Namun, lebih dari 3 dari 4 (78 persen) mengatakan bahwa gereja mempersiapkan mereka untuk melakukan percakapan dengan orang-orang yang pandangannya berbeda dari Alkitab. Bahkan lebih banyak lagi (81 persen) yang mengatakan bahwa gereja mendorong mereka untuk melakukan percakapan seperti itu. Namun, hanya sedikit (59 persen) yang setuju bahwa gereja mereka sengaja menciptakan lingkungan untuk mendiskusikan perbedaan antara nilai-nilai budaya kita dan nilai-nilai Alkitab.
“Ada perbedaan mencolok antara jumlah kaum evangelis yang merasa bertanggung jawab untuk membagikan pandangan Alkitab dibandingkan jumlah mereka yang siap melakukannya,” kata McConnell. “Gereja berusaha membantu kaum evangelis untuk melakukan percakapan dengan orang-orang yang pandangannya berbeda dari Alkitab, namun hanya sedikit gereja yang membahas Alkitab dan nilai-nilai budaya secara berdampingan.”

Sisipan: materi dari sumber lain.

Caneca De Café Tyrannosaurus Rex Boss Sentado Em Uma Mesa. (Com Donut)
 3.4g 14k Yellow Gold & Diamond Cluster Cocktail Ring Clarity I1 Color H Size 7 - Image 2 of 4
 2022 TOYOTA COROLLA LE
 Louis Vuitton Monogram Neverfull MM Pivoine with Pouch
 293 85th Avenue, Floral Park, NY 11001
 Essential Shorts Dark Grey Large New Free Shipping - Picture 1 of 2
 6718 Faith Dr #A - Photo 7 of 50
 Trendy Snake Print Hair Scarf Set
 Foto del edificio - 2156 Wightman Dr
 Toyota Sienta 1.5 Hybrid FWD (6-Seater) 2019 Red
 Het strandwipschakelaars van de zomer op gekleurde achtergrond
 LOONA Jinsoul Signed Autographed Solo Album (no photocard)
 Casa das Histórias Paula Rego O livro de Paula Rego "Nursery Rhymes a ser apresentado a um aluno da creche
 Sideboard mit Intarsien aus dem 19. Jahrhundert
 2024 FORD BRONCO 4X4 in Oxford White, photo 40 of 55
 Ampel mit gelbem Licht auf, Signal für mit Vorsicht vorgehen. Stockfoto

Untuk informasi lebih lanjut, lihat laporan lengkap dan mengunjungi LifewayResearch.com.
Metodologi
Studi ini dimulai dan ditugaskan oleh Institute for Faith & Culture. Survei online terhadap 1.000 anggota Evangelis Amerika dilakukan pada 18 Juli – 2 Agustus 2024, menggunakan panel pra-perekrutan nasional. Responden disaring untuk mencakup mereka yang mengidentifikasi diri sebagai Protestan/non-denominasi dan yang gerejanya non-denominasi atau berada dalam denominasi dalam tradisi agama evangelis. Kuota dan sedikit bobot digunakan untuk menyeimbangkan gender, usia, wilayah, etnis, pendidikan agar lebih akurat mencerminkan populasi. Sampel yang diselesaikan adalah 1.000 survei. Sampel tersebut memberikan keyakinan 95 persen bahwa kesalahan pengambilan sampel dari panel tidak melebihi plus atau minus 3,3 persen. Margin kesalahan ini menjelaskan pengaruh pembobotan. Margin kesalahan lebih tinggi pada subkelompok.